03-10-2012, 04:44 PM
EE368 Digital Image Processing Project - Automatic Face Detection Using Color Based Segmentation and Template/Energy Thresholding
Digital Image Processing.pdf (Size: 1.18 MB / Downloads: 156)
INTRODUCTION
The purpose of this project has been to try to replicate on a
computer that which human beings are able to do effortlessly
every moment of their lives, detect the presence or absence
of faces in their field of vision. While it is something that
to a layman appears trivial, to implement the necessary steps
leading to the successful execution of this in an algorithm is
difficult and still an unsolved problem in computer vision.
In EE368 we have been given the task of using a collection
of seven digital images to train and develop a system for doing
just this in a competitive format. The only real limitation is
that it run under seven minutes for a single file. In deriving a
method of our own, we initially began by reviewing various
articles on the topic as well the material covered in lecture.

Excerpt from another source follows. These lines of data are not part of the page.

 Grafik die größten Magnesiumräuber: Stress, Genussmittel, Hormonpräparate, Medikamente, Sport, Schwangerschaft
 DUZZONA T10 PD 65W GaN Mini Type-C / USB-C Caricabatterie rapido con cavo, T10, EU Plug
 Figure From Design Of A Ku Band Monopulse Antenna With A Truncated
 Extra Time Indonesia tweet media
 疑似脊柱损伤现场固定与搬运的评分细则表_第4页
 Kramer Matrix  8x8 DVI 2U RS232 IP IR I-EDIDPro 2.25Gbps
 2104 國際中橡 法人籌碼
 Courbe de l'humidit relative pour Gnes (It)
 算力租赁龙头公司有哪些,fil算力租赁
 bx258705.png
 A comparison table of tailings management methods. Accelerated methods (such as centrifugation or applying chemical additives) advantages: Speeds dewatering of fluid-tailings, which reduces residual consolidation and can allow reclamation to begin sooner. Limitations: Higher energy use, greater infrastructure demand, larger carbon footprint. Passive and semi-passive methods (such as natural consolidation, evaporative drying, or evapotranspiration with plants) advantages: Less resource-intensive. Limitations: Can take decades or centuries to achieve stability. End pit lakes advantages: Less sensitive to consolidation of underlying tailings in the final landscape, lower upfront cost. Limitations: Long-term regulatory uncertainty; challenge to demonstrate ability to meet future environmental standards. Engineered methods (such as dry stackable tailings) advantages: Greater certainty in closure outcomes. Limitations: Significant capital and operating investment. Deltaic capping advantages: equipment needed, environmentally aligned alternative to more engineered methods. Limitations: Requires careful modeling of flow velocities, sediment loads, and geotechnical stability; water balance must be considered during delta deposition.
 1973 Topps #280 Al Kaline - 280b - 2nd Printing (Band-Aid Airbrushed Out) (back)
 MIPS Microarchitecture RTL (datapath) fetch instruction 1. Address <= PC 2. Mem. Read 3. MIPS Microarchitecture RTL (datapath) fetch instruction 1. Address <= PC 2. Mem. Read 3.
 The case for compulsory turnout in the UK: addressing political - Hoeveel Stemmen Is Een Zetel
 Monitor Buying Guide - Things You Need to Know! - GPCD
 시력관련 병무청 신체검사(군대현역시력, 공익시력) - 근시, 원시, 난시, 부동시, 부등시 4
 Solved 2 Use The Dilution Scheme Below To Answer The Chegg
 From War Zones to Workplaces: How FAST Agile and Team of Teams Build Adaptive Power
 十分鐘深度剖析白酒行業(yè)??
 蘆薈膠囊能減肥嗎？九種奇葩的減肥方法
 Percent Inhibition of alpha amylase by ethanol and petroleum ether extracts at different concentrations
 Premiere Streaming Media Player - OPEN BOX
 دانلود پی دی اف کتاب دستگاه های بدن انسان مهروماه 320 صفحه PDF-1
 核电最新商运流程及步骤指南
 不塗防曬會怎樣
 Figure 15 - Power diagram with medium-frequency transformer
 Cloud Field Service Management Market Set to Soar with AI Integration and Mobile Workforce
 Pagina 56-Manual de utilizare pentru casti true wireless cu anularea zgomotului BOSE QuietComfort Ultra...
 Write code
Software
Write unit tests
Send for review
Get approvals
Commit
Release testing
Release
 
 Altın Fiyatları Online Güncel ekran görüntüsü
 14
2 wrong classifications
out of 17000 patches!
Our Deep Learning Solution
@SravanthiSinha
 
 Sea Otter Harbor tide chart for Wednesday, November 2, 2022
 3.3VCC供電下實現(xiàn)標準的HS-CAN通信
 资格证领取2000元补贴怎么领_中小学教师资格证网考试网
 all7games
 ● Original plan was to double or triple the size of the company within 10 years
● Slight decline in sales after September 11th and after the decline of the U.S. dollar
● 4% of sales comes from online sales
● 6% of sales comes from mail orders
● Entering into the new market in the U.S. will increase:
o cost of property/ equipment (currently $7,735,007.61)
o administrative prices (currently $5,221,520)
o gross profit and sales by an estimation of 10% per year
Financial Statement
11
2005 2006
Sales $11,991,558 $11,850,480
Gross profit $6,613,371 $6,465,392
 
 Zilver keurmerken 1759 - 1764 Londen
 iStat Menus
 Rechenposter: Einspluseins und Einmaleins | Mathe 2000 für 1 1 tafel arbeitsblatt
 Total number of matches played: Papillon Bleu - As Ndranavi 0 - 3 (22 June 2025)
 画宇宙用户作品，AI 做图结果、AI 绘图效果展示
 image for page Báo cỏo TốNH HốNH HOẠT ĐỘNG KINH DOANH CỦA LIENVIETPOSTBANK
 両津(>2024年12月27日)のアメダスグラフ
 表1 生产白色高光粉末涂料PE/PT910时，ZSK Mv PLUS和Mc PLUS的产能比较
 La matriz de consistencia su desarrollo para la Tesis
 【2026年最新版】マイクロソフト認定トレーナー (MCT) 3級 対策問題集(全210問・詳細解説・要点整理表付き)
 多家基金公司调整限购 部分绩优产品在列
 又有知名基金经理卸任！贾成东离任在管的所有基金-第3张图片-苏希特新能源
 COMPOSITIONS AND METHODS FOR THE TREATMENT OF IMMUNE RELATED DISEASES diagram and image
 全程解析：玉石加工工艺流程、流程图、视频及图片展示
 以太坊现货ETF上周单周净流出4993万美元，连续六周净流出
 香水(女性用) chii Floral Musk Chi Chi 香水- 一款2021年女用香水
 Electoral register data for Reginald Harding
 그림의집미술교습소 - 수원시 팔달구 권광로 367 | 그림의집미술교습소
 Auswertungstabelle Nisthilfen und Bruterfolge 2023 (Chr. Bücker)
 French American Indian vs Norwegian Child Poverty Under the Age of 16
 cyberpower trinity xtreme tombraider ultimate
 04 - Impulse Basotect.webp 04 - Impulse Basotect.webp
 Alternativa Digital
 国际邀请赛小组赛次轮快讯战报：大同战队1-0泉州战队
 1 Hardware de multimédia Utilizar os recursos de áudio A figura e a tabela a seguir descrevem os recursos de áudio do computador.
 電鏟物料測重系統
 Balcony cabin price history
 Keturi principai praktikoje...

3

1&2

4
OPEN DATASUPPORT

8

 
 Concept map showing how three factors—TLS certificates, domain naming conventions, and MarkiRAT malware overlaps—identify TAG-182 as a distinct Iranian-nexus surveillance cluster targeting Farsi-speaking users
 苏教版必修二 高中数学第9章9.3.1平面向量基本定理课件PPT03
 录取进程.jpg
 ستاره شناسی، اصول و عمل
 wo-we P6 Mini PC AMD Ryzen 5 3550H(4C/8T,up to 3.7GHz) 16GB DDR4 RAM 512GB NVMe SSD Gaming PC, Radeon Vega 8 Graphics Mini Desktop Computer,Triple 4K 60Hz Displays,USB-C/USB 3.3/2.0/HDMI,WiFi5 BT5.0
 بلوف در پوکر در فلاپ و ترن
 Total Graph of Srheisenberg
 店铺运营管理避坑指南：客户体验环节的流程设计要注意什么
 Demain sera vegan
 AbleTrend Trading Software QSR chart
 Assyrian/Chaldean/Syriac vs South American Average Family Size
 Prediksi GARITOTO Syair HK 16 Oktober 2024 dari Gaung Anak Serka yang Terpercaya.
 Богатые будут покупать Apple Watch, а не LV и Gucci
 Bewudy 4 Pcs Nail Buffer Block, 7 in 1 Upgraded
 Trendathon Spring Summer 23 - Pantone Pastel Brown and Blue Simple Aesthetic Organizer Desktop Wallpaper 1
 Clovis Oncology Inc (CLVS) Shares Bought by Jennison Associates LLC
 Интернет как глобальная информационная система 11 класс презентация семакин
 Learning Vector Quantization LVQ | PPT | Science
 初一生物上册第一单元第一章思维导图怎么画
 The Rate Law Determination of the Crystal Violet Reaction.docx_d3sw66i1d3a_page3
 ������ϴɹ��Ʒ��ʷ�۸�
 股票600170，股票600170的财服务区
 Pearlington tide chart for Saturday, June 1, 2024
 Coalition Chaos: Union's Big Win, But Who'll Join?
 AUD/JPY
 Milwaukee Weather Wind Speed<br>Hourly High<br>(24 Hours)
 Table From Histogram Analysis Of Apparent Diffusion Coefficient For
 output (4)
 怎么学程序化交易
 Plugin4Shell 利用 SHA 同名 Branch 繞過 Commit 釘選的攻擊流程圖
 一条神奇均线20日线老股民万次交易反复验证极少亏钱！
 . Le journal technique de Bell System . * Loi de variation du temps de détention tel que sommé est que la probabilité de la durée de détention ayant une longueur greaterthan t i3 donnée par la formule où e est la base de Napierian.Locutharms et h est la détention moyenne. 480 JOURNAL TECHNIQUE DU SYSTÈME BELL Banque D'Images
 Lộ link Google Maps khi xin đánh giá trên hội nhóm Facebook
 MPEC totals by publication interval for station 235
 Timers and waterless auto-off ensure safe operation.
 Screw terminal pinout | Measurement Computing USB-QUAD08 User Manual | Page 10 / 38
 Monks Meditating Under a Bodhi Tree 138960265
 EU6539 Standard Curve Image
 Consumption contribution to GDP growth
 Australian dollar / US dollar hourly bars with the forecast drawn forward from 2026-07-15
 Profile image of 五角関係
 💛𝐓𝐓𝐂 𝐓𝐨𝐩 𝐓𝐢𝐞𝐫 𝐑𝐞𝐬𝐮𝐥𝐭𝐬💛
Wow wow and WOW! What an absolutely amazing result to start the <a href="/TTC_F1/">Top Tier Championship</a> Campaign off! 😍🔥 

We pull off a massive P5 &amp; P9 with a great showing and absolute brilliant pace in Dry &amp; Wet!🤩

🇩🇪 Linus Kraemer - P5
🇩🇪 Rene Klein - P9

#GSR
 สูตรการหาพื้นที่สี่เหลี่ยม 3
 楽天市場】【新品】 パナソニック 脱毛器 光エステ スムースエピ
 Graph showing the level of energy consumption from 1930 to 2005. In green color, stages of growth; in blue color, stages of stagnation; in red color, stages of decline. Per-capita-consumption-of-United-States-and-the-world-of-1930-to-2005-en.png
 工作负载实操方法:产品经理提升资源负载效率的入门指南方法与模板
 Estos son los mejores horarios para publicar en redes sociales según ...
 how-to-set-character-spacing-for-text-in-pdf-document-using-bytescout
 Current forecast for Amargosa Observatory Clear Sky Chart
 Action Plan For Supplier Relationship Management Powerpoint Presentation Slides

We explored the possibility of using some of the methods that
have been explored by researchers thus far, such as neural
networks, statistical methods, machine learning algorithms
(SVM, FLD), PLC (such as Eigenfaces and the concept of
a ”face space”), as well as a newer methodology called Maximum
Rejection Classification (MRC). We initially attempted
to devise a system that linked Eigenface based front-end with
a neural network based back-end, but the neural network
machinery proved rather difficult to train and develop in a
manner that allowed us to understand the inner workings of
our system. We were unsuccessful in being able to generalize
the training data to unseen images and were prevented by the
nature of the neural network to really have a grasp of the
particular shortcomings of our system and what could be done
to improve it. Hence we decided to abandon that approach
and pursue a method based on color segmentation followed
by template/energy matching. This system has been shown to
be reasonably fast, taking on the average of 80 to 120 seconds
to run, depending on the internal downsampling rate applied
to the input image and various other parameters that can be
adjusted. With the final parameter values that we decided on, it
runs for approximately 100 seconds on a Dell 1.8Mhz Pentium
IV laptop.
COLOR BASED SEGMENTATION
Assuming that a person framed in any random photograph
is not an attendee at the Renaissance Fair or Mardi Gras,
it can be assumed that the face is not white, green, red,
or any unnatural color of that nature. While different ethnic
groups have different levels of melanin and pigmentation, the
range of colors that human facial skin takes on is clearly a
subspace of the total color space. With the assumption of a
typical photographic scenario, it would be clearly wise to take
advantage of face-color correlations to limit our face search
to areas of an input image that have at least the correct color
components.
LOWER PLANE MASKING
While in general it would destroy the generality of a
detector, in our case we believe that its reasonable to take
advantage of a priori knowledge of where faces are most
likely to be and not be to remove ”noise”. We observed that
in the training images that no faces ever appeared in the
lower third of the image field. With very high probability it
is likely that the scenarios where our system will be used
(i.e. the testing images) that the same will be true since we
know that the conditions in which the pictures were taken are
identical. Hence, we removed the lower portion of the image
from consideration to remove the possibility of false alarms
originating from this region.
RESULTS AND CONCLUSION
Using the algorithm described in the previous section has
produced rather reasonable results when applied to the various
training images. For the particular image that this report has
been looking at, we were able to accurately detect the 22
present faces and had no false alarms or misses. The results
may be viewed in figure 19.
Our results when applied to the other testing images ranged
from approximately 85% to 100%. We are looking forward
to seeing how it performs when applied to future test images.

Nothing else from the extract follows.